Rationale: Estimates of idiopathic pulmonary fibrosis (IPF) incidence and prevalence from electronic databases without case validation may be inaccurate.
Objectives: Develop claims algorithms to identify IPF and assess their positive predictive value (PPV) to estimate incidence and prevalence in the United States.
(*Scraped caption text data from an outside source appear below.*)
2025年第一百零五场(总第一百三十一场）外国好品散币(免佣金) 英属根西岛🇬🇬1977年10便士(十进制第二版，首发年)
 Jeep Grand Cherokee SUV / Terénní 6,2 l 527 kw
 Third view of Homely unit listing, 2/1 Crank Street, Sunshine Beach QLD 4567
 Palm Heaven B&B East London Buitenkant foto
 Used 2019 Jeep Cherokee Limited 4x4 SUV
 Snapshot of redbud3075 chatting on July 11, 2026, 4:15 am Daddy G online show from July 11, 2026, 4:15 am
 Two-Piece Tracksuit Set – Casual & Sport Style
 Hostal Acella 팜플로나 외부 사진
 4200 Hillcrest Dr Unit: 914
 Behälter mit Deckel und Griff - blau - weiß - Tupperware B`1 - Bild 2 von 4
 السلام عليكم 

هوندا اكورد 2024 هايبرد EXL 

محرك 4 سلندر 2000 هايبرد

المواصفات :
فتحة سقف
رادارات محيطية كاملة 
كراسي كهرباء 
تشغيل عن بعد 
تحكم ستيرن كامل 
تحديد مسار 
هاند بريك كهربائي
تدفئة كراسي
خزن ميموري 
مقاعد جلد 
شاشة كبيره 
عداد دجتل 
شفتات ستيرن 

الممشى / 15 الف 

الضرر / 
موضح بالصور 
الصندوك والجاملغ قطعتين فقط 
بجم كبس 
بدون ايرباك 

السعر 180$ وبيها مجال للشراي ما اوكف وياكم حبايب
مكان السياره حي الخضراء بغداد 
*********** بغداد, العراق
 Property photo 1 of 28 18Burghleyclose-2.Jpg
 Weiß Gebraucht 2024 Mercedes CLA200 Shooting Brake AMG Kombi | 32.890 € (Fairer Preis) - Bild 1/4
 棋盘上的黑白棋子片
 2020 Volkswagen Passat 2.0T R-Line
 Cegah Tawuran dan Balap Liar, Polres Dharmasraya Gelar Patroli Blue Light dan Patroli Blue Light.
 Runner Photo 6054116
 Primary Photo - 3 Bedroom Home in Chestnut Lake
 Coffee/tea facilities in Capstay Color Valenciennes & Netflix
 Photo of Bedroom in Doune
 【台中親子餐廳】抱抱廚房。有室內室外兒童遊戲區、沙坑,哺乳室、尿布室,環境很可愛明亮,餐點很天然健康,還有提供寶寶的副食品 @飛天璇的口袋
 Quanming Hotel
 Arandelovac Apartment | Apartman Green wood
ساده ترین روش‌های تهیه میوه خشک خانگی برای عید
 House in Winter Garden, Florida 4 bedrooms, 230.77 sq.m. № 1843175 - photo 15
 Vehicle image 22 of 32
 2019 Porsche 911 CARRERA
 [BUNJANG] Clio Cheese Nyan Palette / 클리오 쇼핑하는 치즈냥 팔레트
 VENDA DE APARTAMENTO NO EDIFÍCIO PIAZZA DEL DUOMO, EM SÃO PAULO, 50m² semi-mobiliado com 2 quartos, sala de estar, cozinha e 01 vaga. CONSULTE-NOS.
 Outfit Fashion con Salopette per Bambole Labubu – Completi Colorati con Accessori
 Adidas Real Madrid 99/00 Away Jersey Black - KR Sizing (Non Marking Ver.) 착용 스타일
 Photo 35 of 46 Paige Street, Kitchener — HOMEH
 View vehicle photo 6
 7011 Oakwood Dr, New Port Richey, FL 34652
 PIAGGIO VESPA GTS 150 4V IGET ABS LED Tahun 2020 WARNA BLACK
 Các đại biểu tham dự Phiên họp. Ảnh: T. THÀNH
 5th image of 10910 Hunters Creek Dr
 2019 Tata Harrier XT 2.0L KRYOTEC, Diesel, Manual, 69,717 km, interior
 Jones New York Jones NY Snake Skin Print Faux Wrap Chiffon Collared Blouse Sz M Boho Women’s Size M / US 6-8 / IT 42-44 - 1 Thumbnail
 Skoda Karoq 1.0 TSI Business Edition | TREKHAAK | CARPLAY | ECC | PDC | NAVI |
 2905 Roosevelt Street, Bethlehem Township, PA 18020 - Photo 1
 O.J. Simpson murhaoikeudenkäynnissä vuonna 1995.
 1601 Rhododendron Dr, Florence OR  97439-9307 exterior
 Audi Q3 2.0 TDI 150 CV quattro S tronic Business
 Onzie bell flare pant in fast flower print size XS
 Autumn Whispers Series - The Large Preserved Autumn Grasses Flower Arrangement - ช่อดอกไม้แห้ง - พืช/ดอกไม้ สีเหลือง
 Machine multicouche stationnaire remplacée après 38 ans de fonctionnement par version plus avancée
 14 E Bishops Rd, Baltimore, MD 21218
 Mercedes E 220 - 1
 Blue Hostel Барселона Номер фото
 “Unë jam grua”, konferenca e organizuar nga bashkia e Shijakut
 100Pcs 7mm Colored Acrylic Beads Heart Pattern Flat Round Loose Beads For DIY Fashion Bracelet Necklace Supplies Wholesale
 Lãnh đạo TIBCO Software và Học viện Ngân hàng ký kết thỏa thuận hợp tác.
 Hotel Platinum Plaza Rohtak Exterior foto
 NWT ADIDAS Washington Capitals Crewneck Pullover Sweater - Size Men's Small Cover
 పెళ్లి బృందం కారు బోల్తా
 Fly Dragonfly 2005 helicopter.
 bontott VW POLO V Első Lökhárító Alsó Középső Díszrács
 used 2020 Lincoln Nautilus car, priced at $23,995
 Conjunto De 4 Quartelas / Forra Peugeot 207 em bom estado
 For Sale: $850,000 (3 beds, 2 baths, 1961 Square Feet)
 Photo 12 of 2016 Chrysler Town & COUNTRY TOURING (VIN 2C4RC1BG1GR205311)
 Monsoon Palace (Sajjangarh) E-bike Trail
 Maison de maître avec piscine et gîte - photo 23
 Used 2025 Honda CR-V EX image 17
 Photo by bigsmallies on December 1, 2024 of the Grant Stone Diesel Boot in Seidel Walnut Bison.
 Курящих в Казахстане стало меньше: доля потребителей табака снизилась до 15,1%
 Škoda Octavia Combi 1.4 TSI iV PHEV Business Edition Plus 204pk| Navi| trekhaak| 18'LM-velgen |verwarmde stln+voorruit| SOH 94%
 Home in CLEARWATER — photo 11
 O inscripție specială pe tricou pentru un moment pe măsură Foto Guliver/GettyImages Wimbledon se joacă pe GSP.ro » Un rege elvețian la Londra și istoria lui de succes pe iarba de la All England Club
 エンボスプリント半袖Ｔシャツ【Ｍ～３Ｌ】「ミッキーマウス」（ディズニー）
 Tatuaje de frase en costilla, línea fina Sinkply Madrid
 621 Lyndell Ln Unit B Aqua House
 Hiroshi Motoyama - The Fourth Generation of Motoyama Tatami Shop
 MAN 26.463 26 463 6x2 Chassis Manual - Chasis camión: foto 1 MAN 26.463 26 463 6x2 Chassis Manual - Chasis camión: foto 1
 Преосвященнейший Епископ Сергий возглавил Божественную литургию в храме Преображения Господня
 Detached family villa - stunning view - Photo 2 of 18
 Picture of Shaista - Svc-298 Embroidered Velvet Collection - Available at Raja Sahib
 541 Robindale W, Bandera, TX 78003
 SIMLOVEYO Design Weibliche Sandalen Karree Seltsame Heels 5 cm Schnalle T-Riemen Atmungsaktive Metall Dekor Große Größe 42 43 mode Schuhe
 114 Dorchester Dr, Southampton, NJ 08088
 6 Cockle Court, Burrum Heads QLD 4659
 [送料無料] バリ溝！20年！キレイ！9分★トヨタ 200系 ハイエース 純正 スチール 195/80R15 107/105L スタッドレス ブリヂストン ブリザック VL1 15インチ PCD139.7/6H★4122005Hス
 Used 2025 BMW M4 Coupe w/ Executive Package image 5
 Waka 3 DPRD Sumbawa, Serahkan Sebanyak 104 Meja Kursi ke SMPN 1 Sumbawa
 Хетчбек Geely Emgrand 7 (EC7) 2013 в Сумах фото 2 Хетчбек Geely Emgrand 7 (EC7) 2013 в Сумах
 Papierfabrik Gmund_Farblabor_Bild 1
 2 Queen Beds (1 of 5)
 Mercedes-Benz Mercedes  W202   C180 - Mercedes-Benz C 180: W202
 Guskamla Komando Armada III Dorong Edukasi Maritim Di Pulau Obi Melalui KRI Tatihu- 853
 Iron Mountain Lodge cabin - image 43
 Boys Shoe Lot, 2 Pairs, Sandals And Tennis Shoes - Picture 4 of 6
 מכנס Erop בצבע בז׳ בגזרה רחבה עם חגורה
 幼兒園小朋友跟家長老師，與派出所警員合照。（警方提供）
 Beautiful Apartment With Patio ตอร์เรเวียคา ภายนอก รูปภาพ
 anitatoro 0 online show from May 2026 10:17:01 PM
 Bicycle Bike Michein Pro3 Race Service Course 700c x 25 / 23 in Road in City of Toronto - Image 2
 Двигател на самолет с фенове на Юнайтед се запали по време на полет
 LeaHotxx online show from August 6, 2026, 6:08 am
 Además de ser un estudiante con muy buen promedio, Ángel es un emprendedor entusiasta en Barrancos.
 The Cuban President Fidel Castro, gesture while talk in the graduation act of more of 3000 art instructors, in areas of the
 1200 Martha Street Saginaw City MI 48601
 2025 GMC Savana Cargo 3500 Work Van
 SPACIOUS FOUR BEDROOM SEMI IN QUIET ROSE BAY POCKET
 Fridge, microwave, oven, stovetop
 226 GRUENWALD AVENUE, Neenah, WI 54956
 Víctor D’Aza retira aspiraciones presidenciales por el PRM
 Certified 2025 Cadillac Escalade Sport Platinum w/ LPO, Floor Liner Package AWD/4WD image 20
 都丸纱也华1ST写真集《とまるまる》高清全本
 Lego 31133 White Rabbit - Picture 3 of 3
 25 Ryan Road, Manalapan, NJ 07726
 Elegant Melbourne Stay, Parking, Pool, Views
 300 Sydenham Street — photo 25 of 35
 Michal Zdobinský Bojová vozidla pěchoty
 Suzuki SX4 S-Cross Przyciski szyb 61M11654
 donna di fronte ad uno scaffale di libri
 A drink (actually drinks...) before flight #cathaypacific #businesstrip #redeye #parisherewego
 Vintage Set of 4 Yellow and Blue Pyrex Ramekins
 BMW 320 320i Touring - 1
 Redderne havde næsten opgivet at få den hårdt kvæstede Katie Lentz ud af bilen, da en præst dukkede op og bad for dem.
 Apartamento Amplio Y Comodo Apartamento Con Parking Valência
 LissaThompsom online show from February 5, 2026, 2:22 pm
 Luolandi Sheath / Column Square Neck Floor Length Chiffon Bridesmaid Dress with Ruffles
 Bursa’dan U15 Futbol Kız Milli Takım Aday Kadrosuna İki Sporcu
Methods: We developed three algorithms to identify IPF cases in the HealthCore Integrated Research Database. Sensitive and specific algorithms were developed based on literature review and consultation with clinical experts. PPVs were assessed using medical records. A third algorithm used logistic regression modeling to generate an IPF score and was validated using a separate set of medical records. We estimated incidence and prevalence of IPF using the sensitive algorithm corrected for the PPV.
Measurements and main results: We identified 4,598 patients using the sensitive algorithm and 2,052 patients using the specific algorithm. After medical record review, the PPVs of these algorithms using the treating clinician's diagnosis were 44.4 and 61.7%, respectively. For the IPF score, the PPV was 76.2%. Using the clinical adjudicator's diagnosis, the PPVs were 54 and 57.6%, respectively, and for the IPF score, the PPV was 83.3%. The incidence and period prevalences of IPF, corrected for the PPV, were 14.6 per 100,000 person-years and 58.7 per 100,000 persons, respectively.
Conclusions: Sensitive algorithms without correction for false positive errors overestimated incidence and prevalence of IPF. An IPF score offered the greatest PPV, but it requires further validation.
Keywords: epidemiology; idiopathic pulmonary fibrosis; interstitial lung disease; validation.